Sexed-up science

As if to emulate the magnificent monarch emerging from its chrysalis of pale anonymity, science is doing its best to become "sexy".

It sometimes seems that its star, which once blazed a brilliant path across the public imagination, has fizzled out; and that the golden age of science wherein the technical and engineering competence of men and women caught up with and sometimes exceeded the dreams of generations that had gone before - the discovery of DNA, the arrival of man on the moon, the advent of television, the rise and rise of the computer - has been in hibernation.

This is more than likely a function of the status of science in the fickle hierarchies of popular culture than objective fact, but as in politics, so in science and much else, perception is akin to reality.

To those for whom a rational, scientific understanding of the physical and living worlds we inhabit is a necessary corollary of civilised and progressive society, the drive to make science more accessible, to make it clear, and allow it to recapture the human imagination, is entirely understandable.

It is also laudable.

But care needs to be taken that in "popularising science" - which, incidentally is one of the valuable and timely Masters degree course streams offered by the Centre for Science Communication at the University of Otago - its long-term credibility is not prejudiced.

Popularising does not, nor must not mean dumbing down, nor wantonly exaggerating, nor being seduced into the sound-bite mentality most lately punctuated by wittering tweets in an age of Twitter.

In alliance with the old maxim "a little bit of knowledge is dangerous", the thrust to bend science to popular norms and expectations can produce disheartening and counterproductive results.

Nothing quite so clearly demonstrates the need for science education as "Climate Change", one of the great conundrums of the times, particularly as it relates to the impact of human activity upon it.

And in this, it has to be said, some scientists, either through impoverished understanding of modern communications, through vanity, inflated egos or time-honoured arrogance, have not covered their various disciplines in glory.

Indeed, it might be argued that the popularisation of "Climate Change" provides an excellent case study for inclusion in a "how not to" manual.

Some months back, news broke of the computer hacking of emails belonging to scientists at the University of East Anglia's Climate Research Unit in the United Kingdom.

This affair, dubbed "Climategate" revealed how one or two of the scientists appeared to be conspiring to exclude scientific opinions with which they did not agree - or which were at variance with accepted opinion on aspects of climate change - from being considered by the Intergovernmental Panel on Climate Change (IPCC).

Rightly, it caused a furore, played into the hands of those who believe man-made climate change is a global conspiracy, and undermined the popular perception of the science by a factor exponentially greater than would have been the case had the dissenting research been included in the first place.

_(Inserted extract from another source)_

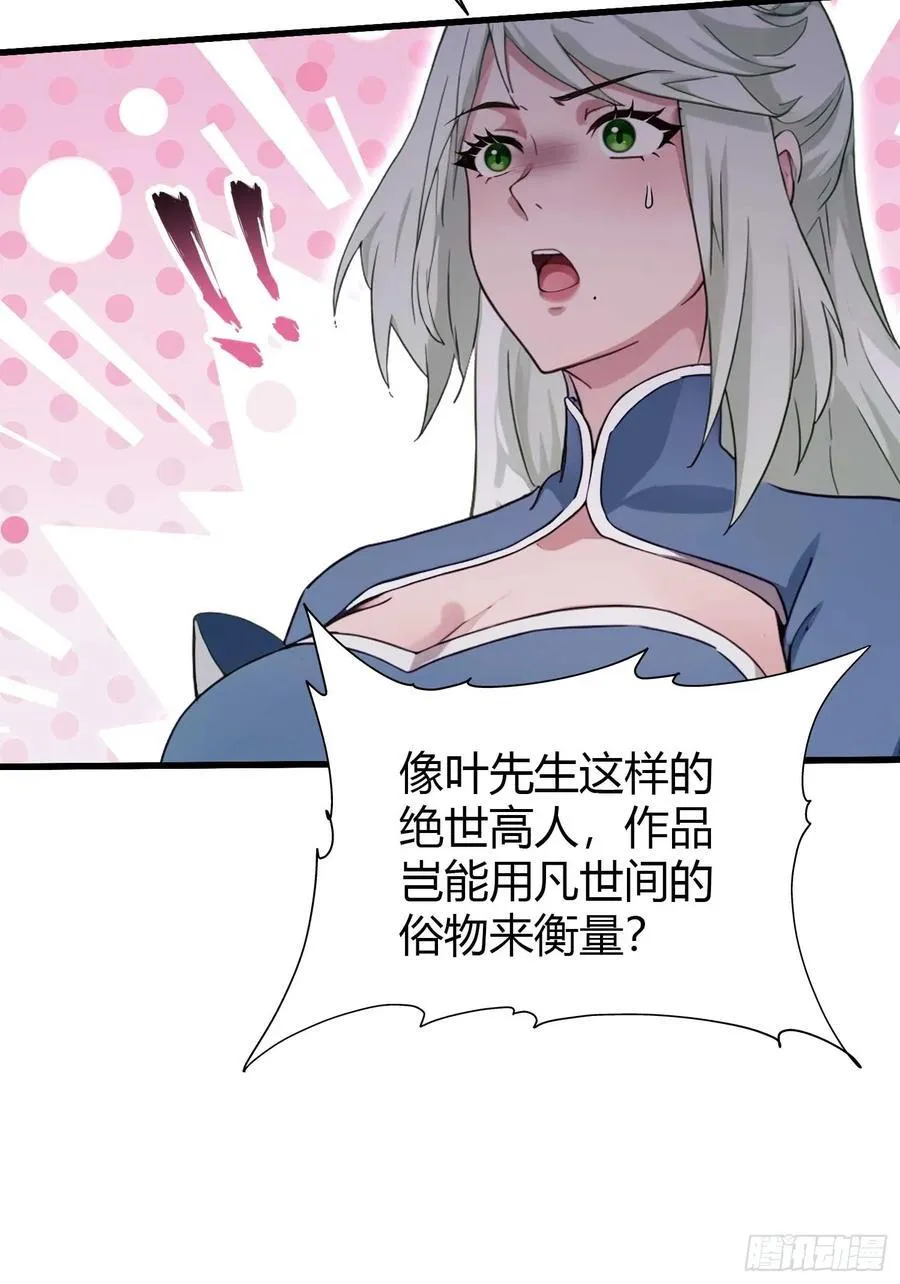 第164话 给叶先生定价？ 第14页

Then last week, "Glaciergate" broke when United Nations climate researchers admitted they had grossly exaggerated, and included in a supposedly peer-reviewed report, the speed at which the Himalayas' glaciers would disappear as a result of climate change.

The offending statements in the report, emanating from a study by the environmental lobby group WWF, were based on a solitary remark about the declining state of Himalayan glaciers by an Indian scientist.

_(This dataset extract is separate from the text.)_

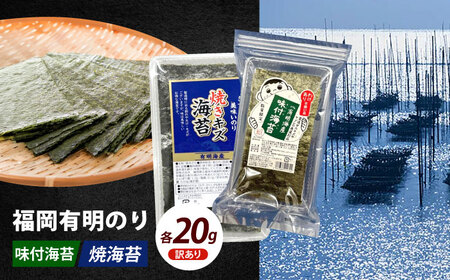 海苔 【訳あり】 20g×各1袋セット海苔 [ABEI002] 海苔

The fact that the study was produced by a lobby group should have given the report-writing scientists pause in the first place.

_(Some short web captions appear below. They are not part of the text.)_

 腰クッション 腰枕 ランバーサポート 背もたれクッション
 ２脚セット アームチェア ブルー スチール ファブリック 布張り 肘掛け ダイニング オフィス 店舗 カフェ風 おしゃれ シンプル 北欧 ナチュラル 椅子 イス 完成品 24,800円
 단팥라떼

There is solid evidence that Himalayan glaciers could be imperilled by climate change, just not on anything like the time-scale claimed.

But again, for whatever reason - hubris, human fallibility, political pressure? - the haste of the authors to include shonky "evidence" conforming to expected or desired outcomes, undermines the authority of the entire enterprise.

It may have been more shocking or "sexy" to suggest the glaciers might melt within 50 years, rather than several hundred, given certain climate-change scenarios, but it is not good science.

For whatever else people might wish it to be, science is seldom sexy; rather it is sober, exacting, demanding, exhaustive, often unrewarding and frequently dull.

And in an age that increasingly venerates the ephemeral, the quixotic, the bizarre and the unashamedly populist, its aloof, grounded integrity is needed more than ever.